### DATA UNDER STUDY:
....
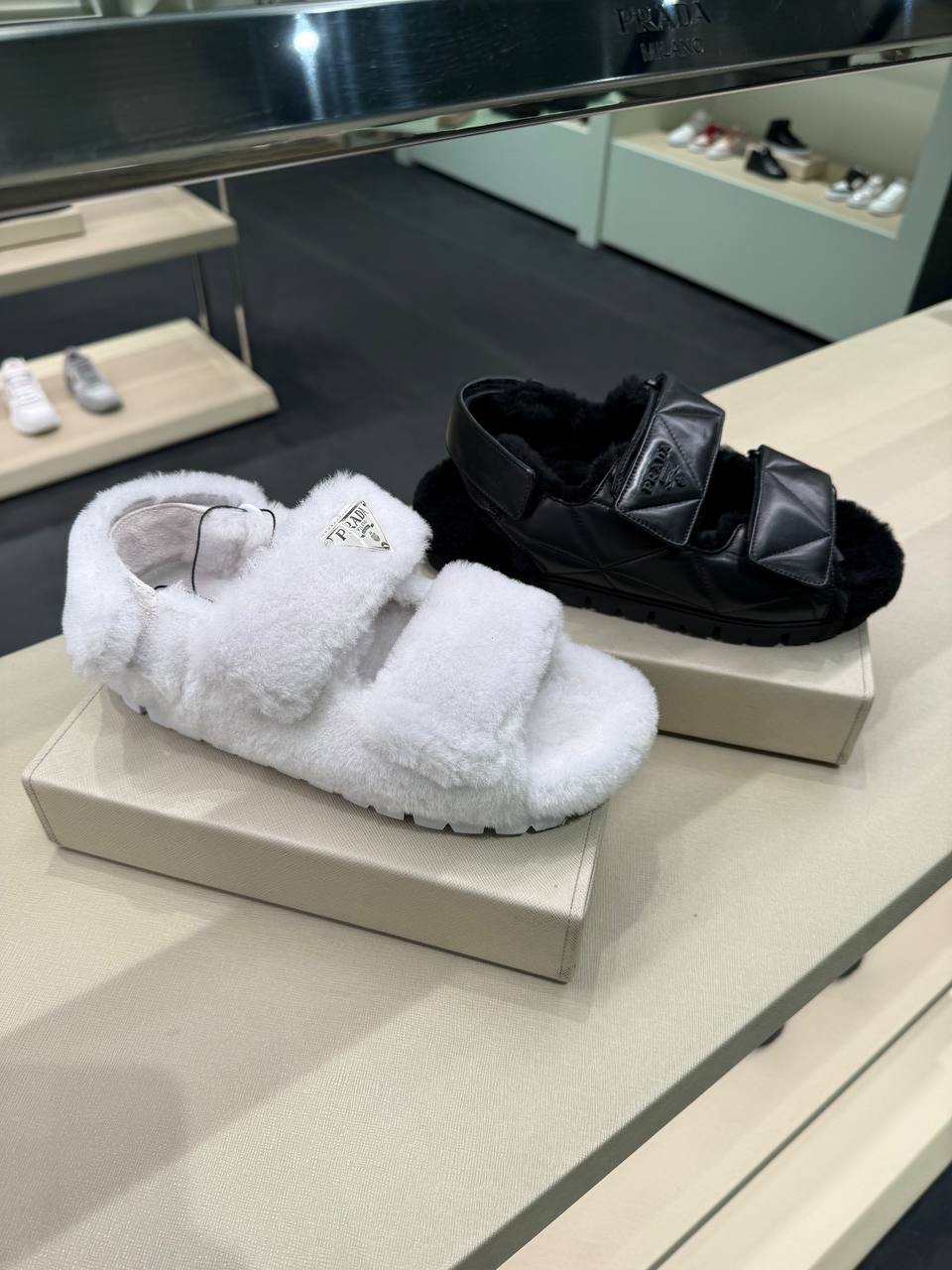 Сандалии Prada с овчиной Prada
....
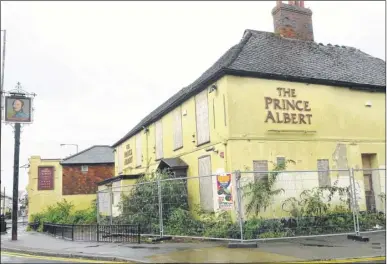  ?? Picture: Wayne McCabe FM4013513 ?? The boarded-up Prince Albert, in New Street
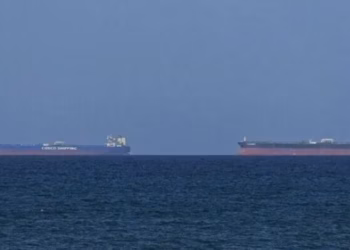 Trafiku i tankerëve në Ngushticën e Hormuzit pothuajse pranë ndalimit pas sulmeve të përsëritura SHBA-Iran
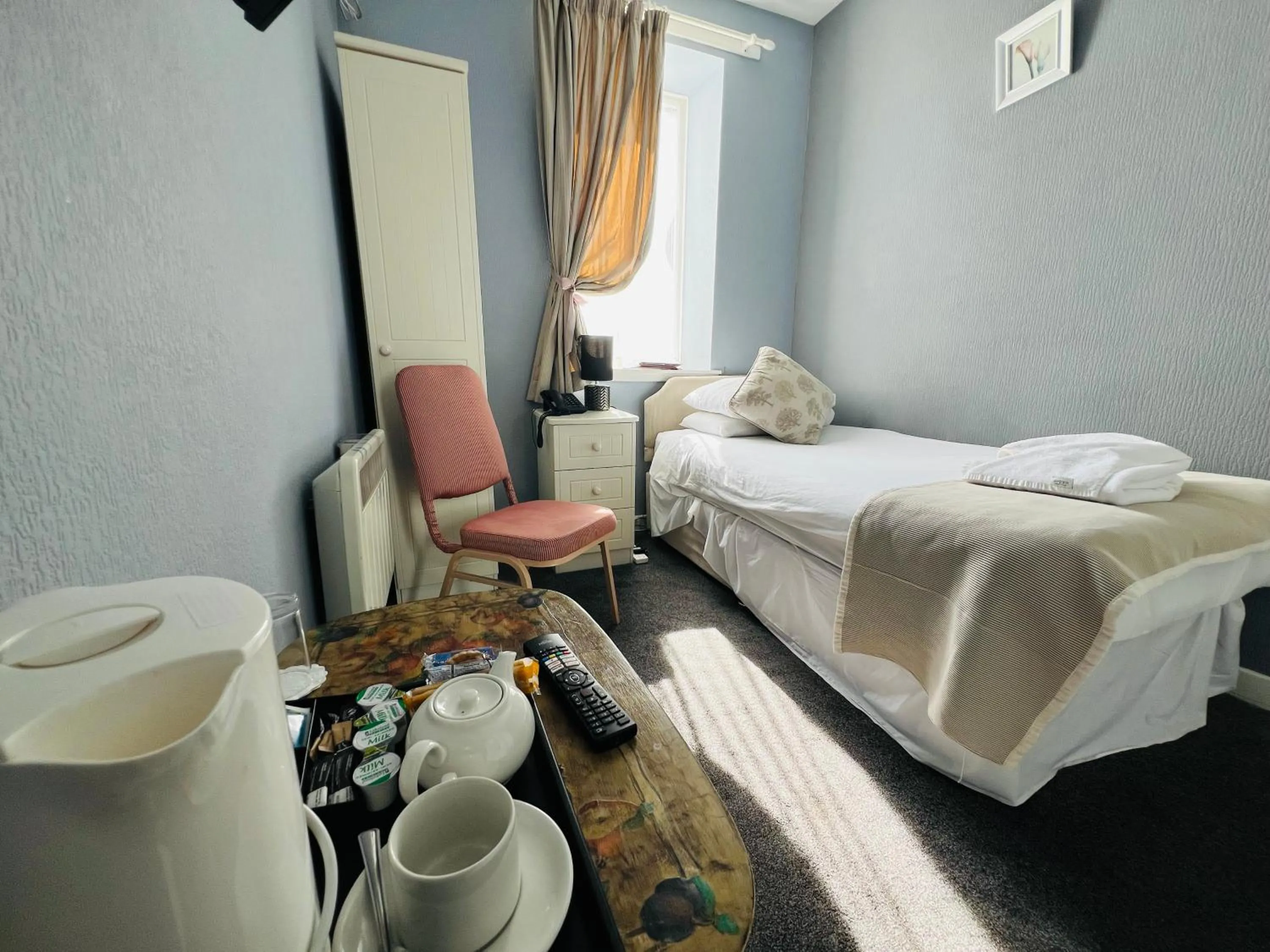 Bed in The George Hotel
....
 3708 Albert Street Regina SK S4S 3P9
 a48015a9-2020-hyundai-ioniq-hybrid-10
....
### TASK GOAL:
Only the lines above from the one with "3708 Albert Street Regina SK S4S 3P9" through the one with "a48015a9-2020-hyundai-ioniq-hybrid-10" should be duplicated, character for character.

### EXERCISE OUTPUT:
 3708 Albert Street Regina SK S4S 3P9
 a48015a9-2020-hyundai-ioniq-hybrid-10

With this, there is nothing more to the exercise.